[Collection entries]
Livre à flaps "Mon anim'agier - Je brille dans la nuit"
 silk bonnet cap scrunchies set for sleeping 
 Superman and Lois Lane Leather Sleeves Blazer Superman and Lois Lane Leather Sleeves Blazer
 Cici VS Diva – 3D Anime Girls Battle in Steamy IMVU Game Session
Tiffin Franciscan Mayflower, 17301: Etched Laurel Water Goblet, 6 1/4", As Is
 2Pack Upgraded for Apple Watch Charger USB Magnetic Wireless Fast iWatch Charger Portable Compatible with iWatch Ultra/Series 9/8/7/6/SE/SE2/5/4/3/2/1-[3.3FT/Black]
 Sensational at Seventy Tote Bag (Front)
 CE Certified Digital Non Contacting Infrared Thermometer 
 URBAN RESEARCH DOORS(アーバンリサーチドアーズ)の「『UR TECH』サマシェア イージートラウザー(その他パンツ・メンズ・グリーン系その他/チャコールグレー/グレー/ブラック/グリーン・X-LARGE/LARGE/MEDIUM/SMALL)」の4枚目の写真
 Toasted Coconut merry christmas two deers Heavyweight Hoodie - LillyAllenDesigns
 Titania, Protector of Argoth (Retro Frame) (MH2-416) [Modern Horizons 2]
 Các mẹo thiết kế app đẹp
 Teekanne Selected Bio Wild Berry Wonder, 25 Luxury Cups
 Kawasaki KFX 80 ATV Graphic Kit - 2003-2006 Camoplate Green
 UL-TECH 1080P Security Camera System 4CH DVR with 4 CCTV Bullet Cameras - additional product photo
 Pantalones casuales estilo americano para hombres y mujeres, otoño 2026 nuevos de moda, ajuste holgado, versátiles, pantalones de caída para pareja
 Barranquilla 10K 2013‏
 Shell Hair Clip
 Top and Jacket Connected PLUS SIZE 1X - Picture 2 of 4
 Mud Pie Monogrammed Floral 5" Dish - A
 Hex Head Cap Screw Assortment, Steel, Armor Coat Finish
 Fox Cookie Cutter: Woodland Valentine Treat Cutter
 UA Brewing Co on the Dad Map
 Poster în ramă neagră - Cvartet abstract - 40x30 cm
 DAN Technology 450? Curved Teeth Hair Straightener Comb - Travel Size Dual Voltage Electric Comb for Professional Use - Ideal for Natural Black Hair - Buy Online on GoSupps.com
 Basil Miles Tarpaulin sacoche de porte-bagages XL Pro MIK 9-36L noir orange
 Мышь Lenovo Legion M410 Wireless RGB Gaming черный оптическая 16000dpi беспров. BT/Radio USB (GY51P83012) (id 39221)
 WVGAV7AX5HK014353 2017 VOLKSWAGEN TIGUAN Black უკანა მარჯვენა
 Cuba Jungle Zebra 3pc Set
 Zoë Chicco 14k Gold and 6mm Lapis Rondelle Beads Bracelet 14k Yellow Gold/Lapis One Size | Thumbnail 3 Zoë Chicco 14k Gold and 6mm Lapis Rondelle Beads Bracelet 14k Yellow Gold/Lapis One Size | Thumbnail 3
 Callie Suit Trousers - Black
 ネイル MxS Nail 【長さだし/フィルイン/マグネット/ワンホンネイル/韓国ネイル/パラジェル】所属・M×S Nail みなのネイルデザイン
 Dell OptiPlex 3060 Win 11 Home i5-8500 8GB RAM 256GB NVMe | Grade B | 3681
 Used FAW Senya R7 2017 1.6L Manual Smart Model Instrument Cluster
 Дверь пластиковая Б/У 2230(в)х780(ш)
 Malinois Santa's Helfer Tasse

* BRIEF *
Starting at the line that contains "DAN Technology 450?", print every line through the last one of the records, exactly and with nothing else.

* SOLUTION TO THIS TASK *
 DAN Technology 450? Curved Teeth Hair Straightener Comb - Travel Size Dual Voltage Electric Comb for Professional Use - Ideal for Natural Black Hair - Buy Online on GoSupps.com
 Basil Miles Tarpaulin sacoche de porte-bagages XL Pro MIK 9-36L noir orange
 Мышь Lenovo Legion M410 Wireless RGB Gaming черный оптическая 16000dpi беспров. BT/Radio USB (GY51P83012) (id 39221)
 WVGAV7AX5HK014353 2017 VOLKSWAGEN TIGUAN Black უკანა მარჯვენა
 Cuba Jungle Zebra 3pc Set
 Zoë Chicco 14k Gold and 6mm Lapis Rondelle Beads Bracelet 14k Yellow Gold/Lapis One Size | Thumbnail 3 Zoë Chicco 14k Gold and 6mm Lapis Rondelle Beads Bracelet 14k Yellow Gold/Lapis One Size | Thumbnail 3
 Callie Suit Trousers - Black
 ネイル MxS Nail 【長さだし/フィルイン/マグネット/ワンホンネイル/韓国ネイル/パラジェル】所属・M×S Nail みなのネイルデザイン
 Dell OptiPlex 3060 Win 11 Home i5-8500 8GB RAM 256GB NVMe | Grade B | 3681
 Used FAW Senya R7 2017 1.6L Manual Smart Model Instrument Cluster
 Дверь пластиковая Б/У 2230(в)х780(ш)
 Malinois Santa's Helfer Tasse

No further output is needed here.